Invisible Children pushes for visible change in Uganda

For almost 25 years, Uganda has been engulfed in a horrific civil war. Since 2006, the Marquette chapter of Invisible Children has been working to enlighten students and help bring peace to the war-torn nation.

Tonight, Invisible Children will showcase the film “Tony” from 7 to 9 p.m. in Emory Clark Hall. Peter King, a pastor in northern Uganda, will also give a firsthand account of the war. King mentors students the organization has given scholarships to.

The event is also a fundraiser, with Invisible Children merchandise on sale. All proceeds will go toward rebuilding education, establishing radio networks and funding rescue teams to help children escape and reconnect with their families.

Headquartered in San Diego, Invisible Children sends representatives called “roadies” to screen documentaries at different schools each semester. The current film shows the progress of a child named Tony over the last few years, and how Invisible Children has helped him.

Since 1987, Uganda has been engulfed in a fight between the Ugandan government and a group called the Lord’s Resistance Army, led by Joseph Kony. The army, identified as a terrorist organization by the U.S. Patriot Act, fights the government and represents the Acholi people, a group that claims to have been unjustly treated by the Ugandan government.

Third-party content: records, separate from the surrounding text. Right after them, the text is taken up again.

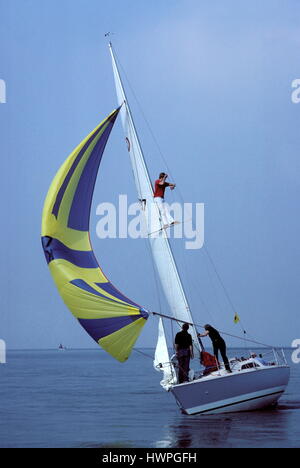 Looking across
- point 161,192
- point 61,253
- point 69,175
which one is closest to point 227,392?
point 61,253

More than 30,000 children have been abducted by the LRA to serve as child soldiers since the beginning of the war, and more than 100,000 civilians have been killed, according to the United Nations website.

Christina Fiocchi, president of Invisible Children at Marquette, wants students to learn about the conflict and its effect on children.

“To instill fear, the LRA soldiers force the children to kill their families before abducting them,” Fiocchi said.

Fiocchi said many of the young girls abducted are forced to be wives of LRA soldiers and some are disowned by their families if they have a child by a rebel soldier. She said the LRA soldiers destroy villages so that if the children escape, they have nothing to go back to.

Since the late 1990s, the Ugandan government has sequestered citizens in displaced person camps as a safety measure. It was intended to be temporary, but there are still millions living in the camps, according to the U.N. website.

Fiocchi said Invisible Children at Marquette’s goal is to create awareness.

“We just want to get people involved and do what we can to help end the conflict,” Fiocchi said.

Dana Leonard, a sophomore in the College of Communication and member of the Invisible Children at Marquette executive board, thinks the event will make the conflict real for students. She said seeing the conflict on television is one thing, but hearing a firsthand account is another.

“This war has been going on for 25 years … that’s longer than I have been alive,” Leonard said.

Leonard said students do not recognize the impact Invisible Children is having on the world.

“History is being made right now,” Leonard said. “I don’t think anyone really knows it.”

Chima Korieh, a professor of African history in the College of Arts and Sciences, recognizes the work that Invisible Children has done and thinks it has made progress in raising awareness. But she said the conflict is far from over.

“The Ugandan conflict can be looked at as an outcome of ethnic ideology and conflict in post-colonial Africa,” Korieh said. “The LRA’s human rights violations are expanding beyond Ugandan borders to include the Congo and Sudan.”